Gillian Flynn explained it best in her book and book-to-movie adaptation Gone Girl:

“Men always say that as the defining compliment, don’t they? She’s a cool girl. Being the Cool Girl means I am a hot, brilliant, funny woman who adores football, poker, dirty jokes, and burping, who plays video games, drinks cheap beer, loves threesomes and an*l sex, and jams hot dogs and hamburgers into her mouth like she’s hosting the world’s biggest culinary gang bang while somehow maintaining a size 2, because Cool Girls are above all hot. Hot and understanding. Cool Girls never get angry; they only smile in a chagrined, loving manner and let their men do whatever they want. Go ahead, sh*t on me, I don’t mind, I’m the Cool Girl.”

So why have we become so devoted to becoming this version of ourselves that isn’t even us? If you have ANY kind of social media you’ve seen this attitude present one way or another. The “other girls vs me” tweets, memes, Facebook posts, are a constant occurrence. What is so wrong with being like “other girls”? Liking makeup and doing you hair and liking certain styles over others should not make you superior or inferior to other girls. You should like what you like and not feel like you have to separate yourself from other women.

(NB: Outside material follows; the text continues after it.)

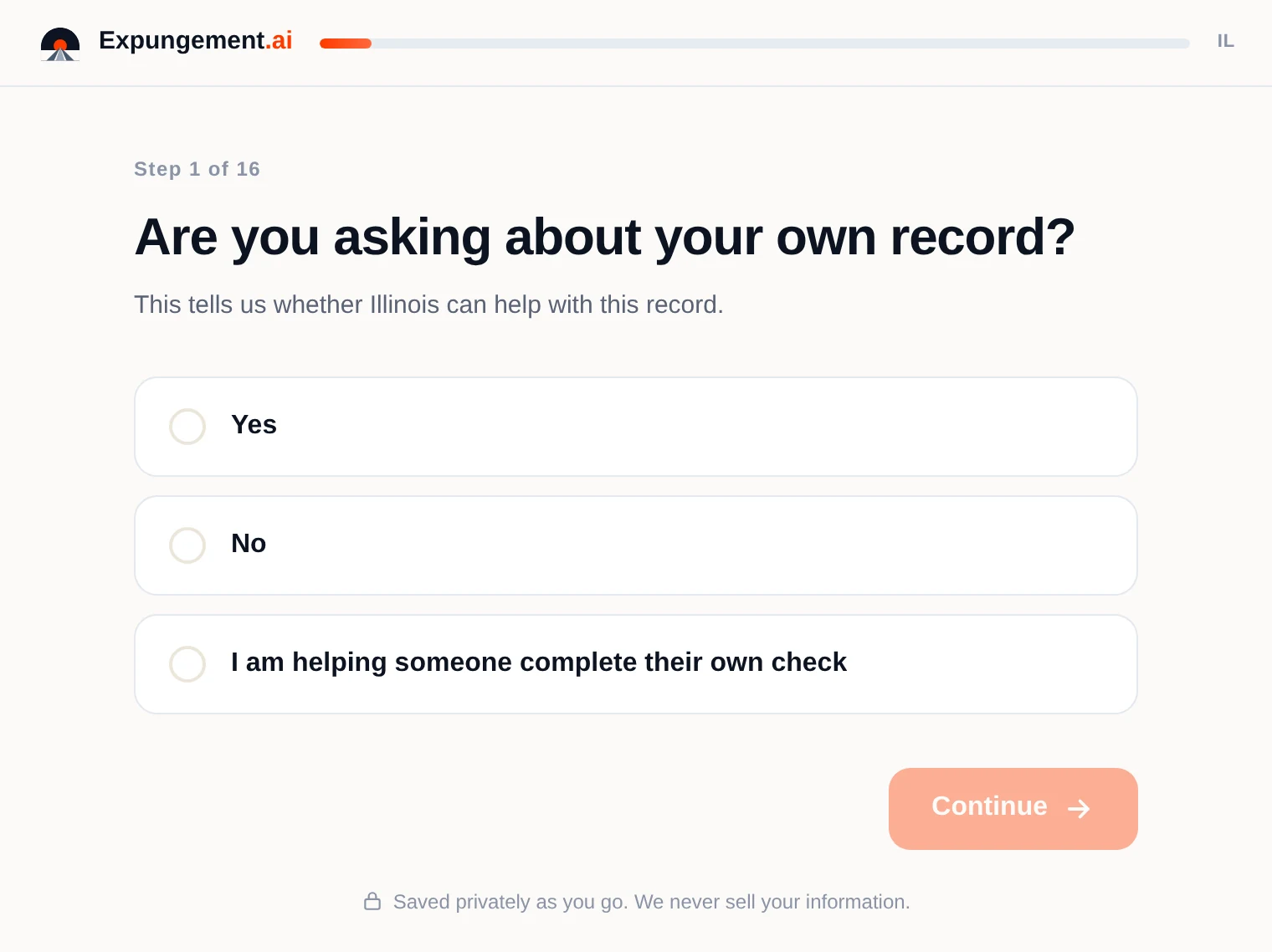 Example question from the free guided check.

The truth is that this is not even something that we do for ourselves, we do it to compete against other women for the attention of men and it is quite ridiculous when you consider the fact that men are not trying this hard to be “different” for the attention of women. All the tweets and memes and whatnot only hurt feminism and I can guarantee that pretending to be someone you’re not in order to please someone else will not make you happy and will most definitely never allow for relationships to truly prosper. Be who you really are, like what you like, but do it without bashing the interests of other women. Liking chips (really?) does not make you some kind of supernatural creature, we all enjoy chips. Liking cosmetics and nails does not mean anything, it just means you like getting your nails done. We should be able to live in a space where we can do what we do and be who we are without the need to compete.

There has always been competitiveness between women over men, the kind you do not see between men over women.

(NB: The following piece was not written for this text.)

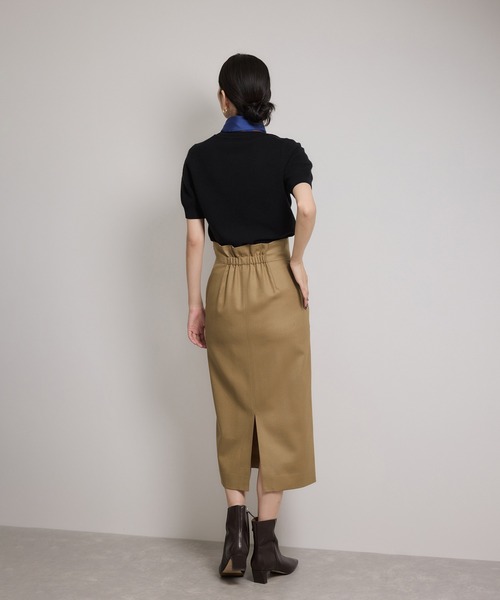 美人スカート]ウールレーヨンポケット付きタイトスカート(無地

How and why have we allowed ourselves to become the Cool Girl? While a healthy amount of competition is human nature in all of us, it does not make space for trying this hard to be different. With a couple of keywords you can find endless articles on “how to get a guy to like you” all of them telling you to be this Cool Girl we have been conditioned to become in order to please. They tell you to be cool and to find out what he likes and to pretend to be interested in it. We’ve seen this depicted time and time again on movies and tv shows. Guy has a girlfriend, usually the pretty popular one with nice hair and her nails always done. But no, the one who is deep and the one that understands him is the outsider who likes to read and hates makeup. He always says that she’s “different”, whatever that means. Movies like Mean Girls, She’s All That, and Cinderella (live action) all show this kind of attitude.

Women need to stop this toxic mentality that being into something “quirky” makes them better than other women. Men need to stop reassuring them that this idea is okay by posting on the internet about how they “need a girl like that” and trash talking women that enjoy wearing makeup. Let girls be themselves and stop the stereotypes that being into “feminine” things makes them basic and unintelligent because that is far from true. We need to use feminism to lift one another up instead of tearing each other down because of likes and interests. Life is already full of obstacles for us just by being women, if we make it impossible for other women to live their lives the way that the want we are just as bad, if not worse, than those obstacles.